Dave Tomlinson, LCSW: The best breathing “technique” is no technique at all! The Buddha’s teaching on using the breath emphasizes normal in- breaths and out-breaths. This approach to conscious breathing, attending to each in and out-breath, knowing that one is breathing in or out, whether the inhalation is long or short and aware of all the subtle qualities of the breath (smooth or ragged, deep or shallow), while maintaining proper posture with the body still, is the practice of shamatha meditation. This approach to use of the breath helps reduce excessive (discursive) thinking, settle and still the mind, promote a sense of inner calm, and enhance concentration.
Elizabeth King, LPC: My favorite ways to teach breathing techniques are fun and creative. Sometimes, I ask people to blow bubbles for a few minutes, and before they know it, they have slowed and deepened their breathing without even trying. Teaching a child deep breathing from their diaphragm can be a challenge, but with the help of a balloon for illustration children quickly learn new skills. As an art therapist, I employ art making to explore the quality of a client’s breath. For example, I may ask a client to use lines, shapes and colors to symbolize their breathing. Is it long/short, quick/slow, shallow/deep? Then, I will lead the client through a relaxation exercise while teaching deep breathing skills. Next, new artwork can be made symbolizing the new (and hopefully changed) quality of breath. With awareness, education and practice, we are able to change our experience of distress by changing the quality of our breathing.
Connie Opfell, LCSW: I teach abdominal or “belly breathing” to help calm the mind. First, sit or lie so that your spine is in its natural curve, allowing your lungs room to fully expand. Then, gently place one hand on your chest and one hand on your belly to help you notice your breathing. Notice where your torso expands as you breathe – are you more of a chest breather, or does your abdomen expand when you inhale normally? Now breathe out fully in a long, slow, smooth exhale. When you inhale, try to direct the breath to the lowest part of your lungs. Notice that when the diaphragm drops to pull air in to the bottom of the lungs, your belly expands. If you have trouble with this, try raising both hands up over your head; this move helps direct the air down into the bottom of your lungs. Exhale fully, and repeat several times.

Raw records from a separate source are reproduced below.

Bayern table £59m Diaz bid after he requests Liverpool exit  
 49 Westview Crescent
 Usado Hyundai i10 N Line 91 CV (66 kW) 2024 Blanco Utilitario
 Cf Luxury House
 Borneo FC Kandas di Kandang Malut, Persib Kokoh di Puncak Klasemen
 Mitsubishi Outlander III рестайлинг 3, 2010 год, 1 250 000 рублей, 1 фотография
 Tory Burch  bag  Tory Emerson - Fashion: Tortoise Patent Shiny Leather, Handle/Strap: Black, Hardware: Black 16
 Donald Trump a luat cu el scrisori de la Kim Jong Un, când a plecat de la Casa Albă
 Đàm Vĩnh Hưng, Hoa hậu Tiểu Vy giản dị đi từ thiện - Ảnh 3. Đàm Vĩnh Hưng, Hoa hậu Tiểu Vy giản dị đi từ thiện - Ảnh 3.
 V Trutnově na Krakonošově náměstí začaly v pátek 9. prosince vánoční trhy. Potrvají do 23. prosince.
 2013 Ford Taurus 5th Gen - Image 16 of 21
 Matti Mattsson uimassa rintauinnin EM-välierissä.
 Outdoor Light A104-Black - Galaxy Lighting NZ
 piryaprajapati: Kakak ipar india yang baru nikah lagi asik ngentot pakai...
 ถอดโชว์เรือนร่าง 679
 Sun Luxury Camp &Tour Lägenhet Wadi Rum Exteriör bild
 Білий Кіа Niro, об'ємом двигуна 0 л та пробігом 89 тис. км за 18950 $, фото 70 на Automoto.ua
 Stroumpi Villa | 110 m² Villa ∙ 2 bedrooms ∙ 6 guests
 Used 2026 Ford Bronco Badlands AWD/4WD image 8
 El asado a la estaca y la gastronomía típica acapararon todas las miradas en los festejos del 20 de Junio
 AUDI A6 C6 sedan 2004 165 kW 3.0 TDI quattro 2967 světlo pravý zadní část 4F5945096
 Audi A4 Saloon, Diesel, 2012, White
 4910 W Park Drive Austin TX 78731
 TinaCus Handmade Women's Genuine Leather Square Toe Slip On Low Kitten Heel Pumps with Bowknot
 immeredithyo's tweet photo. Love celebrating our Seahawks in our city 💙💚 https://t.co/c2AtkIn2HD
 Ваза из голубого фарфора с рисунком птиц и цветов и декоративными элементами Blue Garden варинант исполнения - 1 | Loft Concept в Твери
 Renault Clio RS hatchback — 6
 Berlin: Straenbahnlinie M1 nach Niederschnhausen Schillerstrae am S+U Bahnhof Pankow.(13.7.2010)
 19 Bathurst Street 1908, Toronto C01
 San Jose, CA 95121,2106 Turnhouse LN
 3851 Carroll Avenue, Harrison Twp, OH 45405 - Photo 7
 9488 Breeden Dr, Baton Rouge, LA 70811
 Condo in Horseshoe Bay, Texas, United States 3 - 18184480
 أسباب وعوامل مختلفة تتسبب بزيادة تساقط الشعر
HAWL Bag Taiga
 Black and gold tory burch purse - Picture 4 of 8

Nate Prentice, LCSW, CAS-PC: I teach a “cleansing breath” which is especially good in preparation for any kind of meditation. The simplest version is to breathe deeply all the way in, hold the breath for a moment, then let it go very slowly until there is no more breath at all – so that if you were asked to speak, you wouldn’t be able to. After that breath, go back to breathing normally.
A tension-reducing variation is to imagine that as you inhale deeply, you are moving all the physical and emotional tension that you have into a single part of your body (any part, you choose: your hand, your elbow, whatever you like). When you are holding your breath, try to increase the tension even further. Then when you breathe out, do 3 things: (1) give the tension your permission to leave; (2) give yourself permission to let it go, and (3) imagine your tension leaving your body, and also leaving the physical area where you are.
A final variation is from the world of clinical hypnosis. Do the tension reducing breath just described above, while observing, with non-judging curiosity, just how relaxed and free of tension you can become as you exhale. Take a mental snapshot of what you discover to be the point of most relaxation (Point One). Then inhale again, building up the tension only up to the point of your deepest relaxation that you reached on your first breath (back to Point One). On the next exhale, see how much further and deeper you can go with relaxation (Point Two). On the next inhale, just build up the tension to where you left off at Point Two, etc. Repeat as needed. This is especially good to promote sleep.